The government’s boldest rescue to date, its $150 billion commitment for the insurance giant American International Group, is foundering. AIG indicated on Monday it was now negotiating for tens of billions of dollars in additional assistance as losses have mounted across its many businesses.

Separately, the Obama administration confirmed it was in discussions to aid Citigroup, the recipient of $45 billion so far, that could raise the government’s stake in the banking company to as much as 40 percent.

The Treasury Department named a special adviser to work with General Motors and Chrysler, two of Detroit’s biggest automakers, which are seeking $22 billion on top of the $17 billion already granted to them.

All these companies’ burgeoning needs reflect just how hard it is to stanch the flow of losses as the economy deteriorates. Even though the government’s finances are being stretched ­ and still more aid might be needed in the future ­ it is being forced to fill the growing holes in the finances of these companies out of fear that the demise of an important company could set off a damaging chain reaction.

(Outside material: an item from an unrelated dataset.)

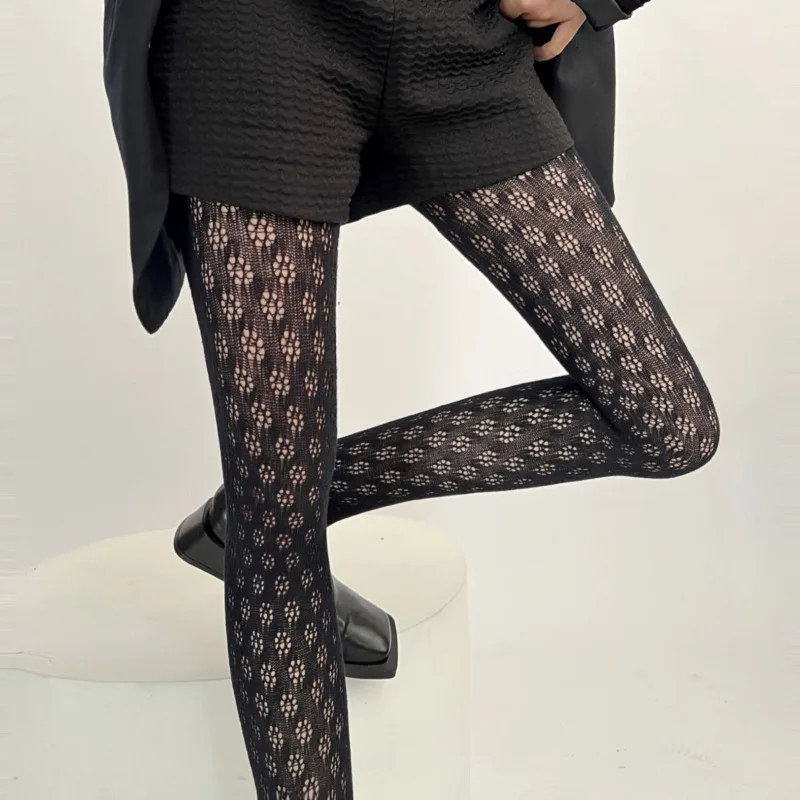 Lolita Knit Tights Black Maid Cosplay Hollow Out Pantyhose Girl Tuiwa Stocking Geometric Pattern Socks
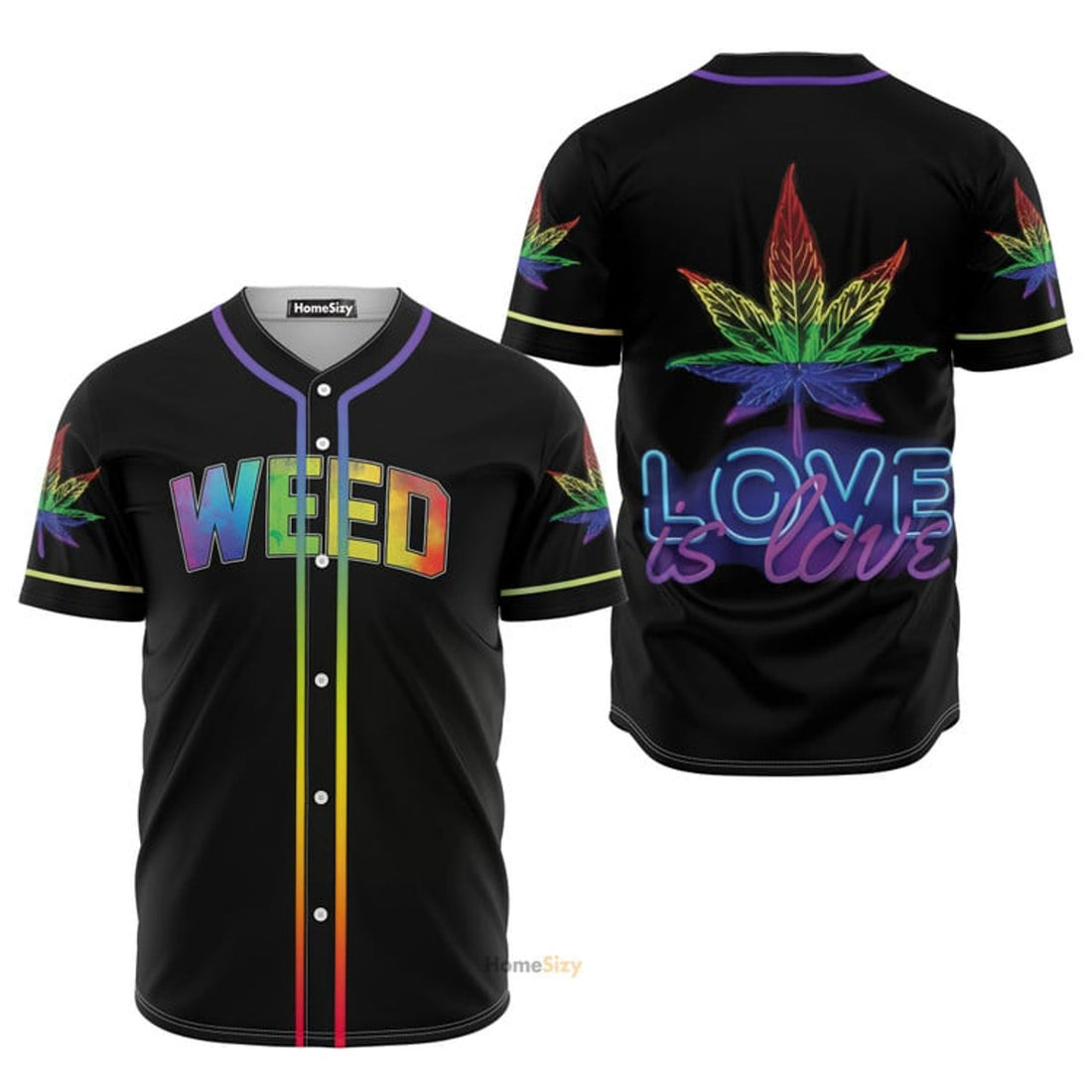 LGBT Love Is Love Weed Neon Rainbow Color Black - Baseball Jersey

The deepening global downturn is dragging down all kinds of businesses, and, with no bottom to the recession in sight, investors sent the Standard & Poor’s 500-stock index down 3.5 percent on Monday to its lowest close since April 1997.

In an unexpectedly assertive joint statement after two weeks of bank stock declines, the Treasury, the Federal Reserve and federal bank regulatory agencies announced that the government might demand a direct ownership stake in major banks that do not have enough capital to weather a deeper economic downturn. The government will begin conducting a test of the banks’ financial health this week.

Administration officials emphasized that nationalizing any of the major banks was their least favorite solution to the banking crisis, but they acknowledged that some banks may be both too big to fail and too fragile to endure another round of shocks without substantial government help.

The administration is debating how big a role to play in the auto businesses, what concessions the companies should make in return for aid and whether bankruptcy should be considered, though it prefers a private-sector solution. On Monday, Steven Rattner, co-founder of the private equity firm Quadrangle Group, was named an adviser to the Treasury on the restructuring the auto industry.

As the administration takes bigger stakes in companies, the value held by existing shareholders is being diluted, which could make it even harder to attract private money in the future. Treasury Secretary Timothy F. Geithner recently outlined a bank recovery plan that included a new program to attract a combination of public and private money to buy troubled mortgages and other assets burdening the banks.